__Exercise__:
Quote the records that follow in full and exactly; leave out the pictures.
+++ Input for this task
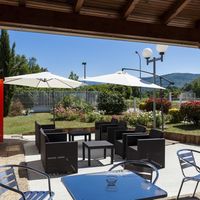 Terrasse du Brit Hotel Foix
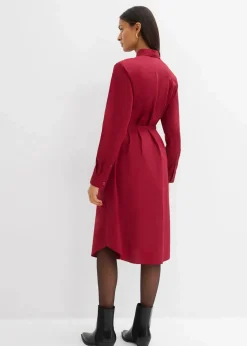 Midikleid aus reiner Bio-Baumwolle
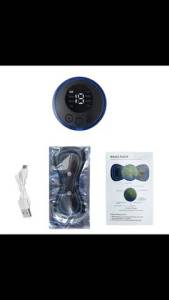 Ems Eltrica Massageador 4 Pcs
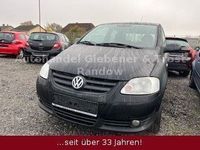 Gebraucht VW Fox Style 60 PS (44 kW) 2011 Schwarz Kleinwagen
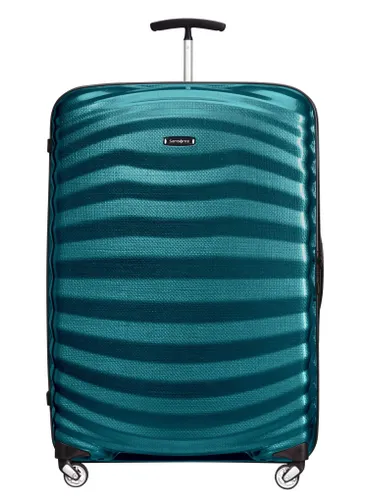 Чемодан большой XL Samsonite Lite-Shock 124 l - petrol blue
++++++
__Exercise output__:
 Terrasse du Brit Hotel Foix
 Midikleid aus reiner Bio-Baumwolle
 Ems Eltrica Massageador 4 Pcs
 Gebraucht VW Fox Style 60 PS (44 kW) 2011 Schwarz Kleinwagen
 Чемодан большой XL Samsonite Lite-Shock 124 l - petrol blue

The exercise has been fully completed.